VOL. 115 | NO. 105 | Monday, June 4, 2001
By SUE PEASE
Wright Medical prepares for public offering
By SUE PEASE
The Daily News
A medical firm in Arlington, Tenn., is planning to go big-time with an initial public offering.
Wright Medical Group Inc. registered with the Securities and Exchange Commission in April proposing an IPO of common stock.
Its a big step for the 51-year-old company based in a town with a population of 1,541.
In the weeks after a company starts the bid to go public, rapid changes occur. How a company deals with those events can determine how successful the IPO is.
But how fast and how many changes occur depends on the companys specific situation, said Kelly Crowe, health care services analyst with Morgan Keegan.
Much of the craziness of a deal actually happens before the SEC filing, Crowe said, when auditors, attorneys and investment bankers visit and conduct due diligence on the company.
And, after a company files its registration statement, it enters a quiet period, which limits what can be said.
That is where Wright Medical stands now.
Once a timeline is scheduled, a company often goes on what Crowe called a "road show." Officials, along with their investment bankers, meet with prospective investors, especially institutional investors in many of the big markets such as Boston, Chicago, New York and overseas.
Officials get the feel for who is interested in buying shares and how many they might want.
Underwriting the deal is J.P. Morgan Securities Inc., Credit Suisse First Boston Corp. and U.S. Bancorp Piper Jaffray Inc.
According to SEC documents, the company is currently owned by a group of investors led by Warburg, Pincus Equity Partners who acquired control of the company in December 1999. Shortly afterward, it acquired Cremascoli Ortho Group based in Toulon, France.
Being in its quiet period, John Bakewell, executive vice president and chief financial officer, said he could not comment on the IPO status.
Officials could not say how many shares the company plans to offer or at what price.
Wright Medical employs about 475 people in Arlington and makes large joint orthopedic implants and biologic products, including bone graft substitutes.
Reports said the company plans to raise $132.25 million and the SEC registration statement states the net proceeds will be used primarily to pay off debt and then used for other business purposes.
In the filing documents, it states the company had net sales last year of $157.6 million and in 1999 net sales were $109.2 million.
It stated an outstanding principal debt of $45.6 million plus accrued interest of about $5.6 million.
It also plans to pay a debt of about $34.9 million to its senior credit facilities, according to the SEC documents.
Investing in a health care company can be thought of at best as multifaceted.
"In general, with health care on the service side, reimbursement has always been a little dubious to the average investor," Crowe said.
It can be a difficult investment because the dynamics are often complex.
Many players are involved in the health care field including the government, managed care, Medicaid and Medicare.
On the other hand, money being funneled into the health care sector is constant and not dependent on a season or whims of the economy.
"Health care spending for the most part is not discretionary.

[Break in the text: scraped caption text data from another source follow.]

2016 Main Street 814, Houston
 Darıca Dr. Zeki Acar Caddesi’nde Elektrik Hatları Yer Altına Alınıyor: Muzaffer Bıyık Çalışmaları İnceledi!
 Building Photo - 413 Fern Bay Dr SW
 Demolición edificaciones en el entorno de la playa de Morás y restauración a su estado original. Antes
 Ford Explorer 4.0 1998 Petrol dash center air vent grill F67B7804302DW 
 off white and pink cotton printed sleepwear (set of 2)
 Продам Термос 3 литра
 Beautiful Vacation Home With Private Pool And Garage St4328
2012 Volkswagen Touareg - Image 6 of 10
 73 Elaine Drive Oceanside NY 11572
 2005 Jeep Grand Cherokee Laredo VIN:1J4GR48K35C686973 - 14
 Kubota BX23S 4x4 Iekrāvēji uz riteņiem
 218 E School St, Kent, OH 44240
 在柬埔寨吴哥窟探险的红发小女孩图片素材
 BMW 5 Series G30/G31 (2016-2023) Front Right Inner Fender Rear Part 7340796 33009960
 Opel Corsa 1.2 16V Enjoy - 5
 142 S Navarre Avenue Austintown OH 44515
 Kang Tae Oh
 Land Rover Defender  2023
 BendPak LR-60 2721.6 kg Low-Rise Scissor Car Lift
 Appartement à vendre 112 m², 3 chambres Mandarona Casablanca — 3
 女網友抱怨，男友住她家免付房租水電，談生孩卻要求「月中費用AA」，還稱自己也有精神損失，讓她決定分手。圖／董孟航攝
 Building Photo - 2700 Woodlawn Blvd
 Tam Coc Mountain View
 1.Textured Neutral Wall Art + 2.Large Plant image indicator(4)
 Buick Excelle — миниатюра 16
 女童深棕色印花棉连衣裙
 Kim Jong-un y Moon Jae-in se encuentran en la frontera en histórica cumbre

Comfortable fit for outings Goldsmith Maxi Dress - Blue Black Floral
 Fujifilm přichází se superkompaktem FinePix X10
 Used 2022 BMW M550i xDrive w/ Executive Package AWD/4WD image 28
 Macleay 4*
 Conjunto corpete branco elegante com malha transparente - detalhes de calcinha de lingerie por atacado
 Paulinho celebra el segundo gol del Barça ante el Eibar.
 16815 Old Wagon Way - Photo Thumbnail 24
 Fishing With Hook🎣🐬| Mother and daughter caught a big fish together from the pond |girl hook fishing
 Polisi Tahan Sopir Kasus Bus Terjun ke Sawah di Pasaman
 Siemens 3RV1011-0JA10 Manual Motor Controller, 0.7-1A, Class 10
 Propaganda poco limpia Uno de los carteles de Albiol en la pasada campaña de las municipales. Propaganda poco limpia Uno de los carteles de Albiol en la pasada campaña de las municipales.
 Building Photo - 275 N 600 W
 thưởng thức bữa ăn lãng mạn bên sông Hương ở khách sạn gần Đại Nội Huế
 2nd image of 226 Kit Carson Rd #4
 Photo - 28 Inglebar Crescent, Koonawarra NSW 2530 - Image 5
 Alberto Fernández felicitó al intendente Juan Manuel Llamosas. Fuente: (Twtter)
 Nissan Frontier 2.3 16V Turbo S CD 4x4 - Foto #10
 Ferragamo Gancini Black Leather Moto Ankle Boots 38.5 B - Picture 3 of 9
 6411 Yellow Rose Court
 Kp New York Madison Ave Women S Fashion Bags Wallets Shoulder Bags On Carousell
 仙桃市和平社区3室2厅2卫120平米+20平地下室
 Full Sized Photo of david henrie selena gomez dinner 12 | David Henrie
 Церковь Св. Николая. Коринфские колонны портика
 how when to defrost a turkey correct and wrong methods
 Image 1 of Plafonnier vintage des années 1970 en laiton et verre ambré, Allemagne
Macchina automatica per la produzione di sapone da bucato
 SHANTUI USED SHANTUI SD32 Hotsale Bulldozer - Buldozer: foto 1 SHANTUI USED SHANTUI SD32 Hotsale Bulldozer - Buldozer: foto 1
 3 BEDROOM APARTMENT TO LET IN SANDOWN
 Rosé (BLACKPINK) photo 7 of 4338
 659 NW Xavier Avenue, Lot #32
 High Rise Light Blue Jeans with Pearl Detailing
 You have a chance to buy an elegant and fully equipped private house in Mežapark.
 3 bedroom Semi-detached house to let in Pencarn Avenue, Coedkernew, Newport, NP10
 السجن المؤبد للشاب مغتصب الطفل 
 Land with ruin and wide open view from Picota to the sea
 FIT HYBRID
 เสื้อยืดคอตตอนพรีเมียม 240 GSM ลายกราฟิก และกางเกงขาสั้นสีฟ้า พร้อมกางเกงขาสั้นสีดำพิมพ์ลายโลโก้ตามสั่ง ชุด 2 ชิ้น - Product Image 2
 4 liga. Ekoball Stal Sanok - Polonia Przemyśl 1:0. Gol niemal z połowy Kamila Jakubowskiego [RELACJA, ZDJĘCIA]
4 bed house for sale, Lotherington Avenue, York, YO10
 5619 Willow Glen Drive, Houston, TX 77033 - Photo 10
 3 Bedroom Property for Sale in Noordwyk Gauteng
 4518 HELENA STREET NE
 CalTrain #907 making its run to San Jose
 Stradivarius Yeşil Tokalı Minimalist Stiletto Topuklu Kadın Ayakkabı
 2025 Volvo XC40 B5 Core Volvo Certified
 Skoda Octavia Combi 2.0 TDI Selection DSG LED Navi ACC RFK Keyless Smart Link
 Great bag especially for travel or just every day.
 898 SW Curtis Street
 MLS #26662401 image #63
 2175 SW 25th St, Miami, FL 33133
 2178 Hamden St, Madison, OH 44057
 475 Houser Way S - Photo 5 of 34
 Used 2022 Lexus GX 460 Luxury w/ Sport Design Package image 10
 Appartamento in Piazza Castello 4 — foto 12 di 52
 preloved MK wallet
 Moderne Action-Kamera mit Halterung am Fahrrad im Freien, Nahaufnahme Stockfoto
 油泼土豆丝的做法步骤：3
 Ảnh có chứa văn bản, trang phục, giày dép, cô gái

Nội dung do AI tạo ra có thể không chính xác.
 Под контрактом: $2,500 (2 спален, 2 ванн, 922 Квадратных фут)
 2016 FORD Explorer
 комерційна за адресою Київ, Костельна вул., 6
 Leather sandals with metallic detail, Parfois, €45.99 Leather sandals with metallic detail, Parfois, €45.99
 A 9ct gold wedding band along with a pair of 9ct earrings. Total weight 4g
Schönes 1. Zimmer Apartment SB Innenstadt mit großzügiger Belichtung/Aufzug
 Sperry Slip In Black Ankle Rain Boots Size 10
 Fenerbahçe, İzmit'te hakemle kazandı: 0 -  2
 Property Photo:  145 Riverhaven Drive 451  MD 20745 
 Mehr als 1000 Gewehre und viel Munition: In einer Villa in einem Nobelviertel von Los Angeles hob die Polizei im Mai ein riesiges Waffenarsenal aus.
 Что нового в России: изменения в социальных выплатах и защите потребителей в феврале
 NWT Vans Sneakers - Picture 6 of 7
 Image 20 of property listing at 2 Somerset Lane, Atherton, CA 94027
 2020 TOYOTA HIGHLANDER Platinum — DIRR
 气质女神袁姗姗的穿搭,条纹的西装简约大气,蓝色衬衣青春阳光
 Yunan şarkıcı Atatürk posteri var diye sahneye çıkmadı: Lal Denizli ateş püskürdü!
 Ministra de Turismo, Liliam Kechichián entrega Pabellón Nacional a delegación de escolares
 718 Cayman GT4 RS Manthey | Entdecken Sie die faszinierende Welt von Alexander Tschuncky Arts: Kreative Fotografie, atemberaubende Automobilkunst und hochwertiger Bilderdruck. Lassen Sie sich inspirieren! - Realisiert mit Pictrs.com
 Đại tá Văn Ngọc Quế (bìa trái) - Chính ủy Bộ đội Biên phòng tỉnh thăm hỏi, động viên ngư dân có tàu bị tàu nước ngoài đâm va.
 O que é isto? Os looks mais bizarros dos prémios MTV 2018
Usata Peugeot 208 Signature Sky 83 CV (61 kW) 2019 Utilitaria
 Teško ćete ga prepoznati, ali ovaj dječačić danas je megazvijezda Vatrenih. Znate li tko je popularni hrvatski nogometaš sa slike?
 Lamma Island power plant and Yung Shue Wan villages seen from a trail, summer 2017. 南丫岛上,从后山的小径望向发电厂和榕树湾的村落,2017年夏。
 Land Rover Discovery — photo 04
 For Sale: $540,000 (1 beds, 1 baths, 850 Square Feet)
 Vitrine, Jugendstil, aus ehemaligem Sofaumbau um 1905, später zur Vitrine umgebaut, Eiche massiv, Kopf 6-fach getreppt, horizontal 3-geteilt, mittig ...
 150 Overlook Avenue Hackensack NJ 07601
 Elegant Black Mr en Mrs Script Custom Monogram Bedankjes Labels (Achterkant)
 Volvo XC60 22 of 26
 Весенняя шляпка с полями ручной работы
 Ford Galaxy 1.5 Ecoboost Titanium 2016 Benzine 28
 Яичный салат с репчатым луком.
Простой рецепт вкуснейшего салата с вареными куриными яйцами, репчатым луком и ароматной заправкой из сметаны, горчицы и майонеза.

You get sick and you go to the hospital. You are sick regardless of what the economy is doing," Crowe said.
Some of Wrights top competitors are Biomet Inc. based in Warsaw, Ind.; Stryker Corp., based in Kalamazoo, Mich.; and Sulzer Medica Ltd. headquartered in Zurich, Switzerland.
All are public companies.
Biomet trades on the Nasdaq stock exchange and ended trading Thursday at $44.67 per share.
Stryker Corp. is listed on the New York Stock Exchange and trading ended Thursday at $57.44 a share.
Sulzer Medica trades on the NYSE and also the Zurich exchange. Trading on the NYSE ended Thursday at $10.31 a share.
Price talk on what Wrights shares may be is uncertain at this time.
When the company files its preliminary prospectus with the SEC, it will outline an estimate range for the stock price.
There is no scientific formula to the initial stock price a company offers, Crowe said.
"It all depends on the specifics of each individual company," she said.
Its a function of demand, too. If its a hot stock, many will want a piece of it and more will be offered.
Because of the technology markets recent fall, health care stocks are attractive.
Another facet of the health care market that makes investing in it appealing is the current state of demographics.
"The fact that the United States is aging so rapidly combined with amazing discoveries, both on the technology side and the pharmaceutical side, the trend in health care is that we are spending a lot, lot more. That bodes very well for health care stocks," Crowe said.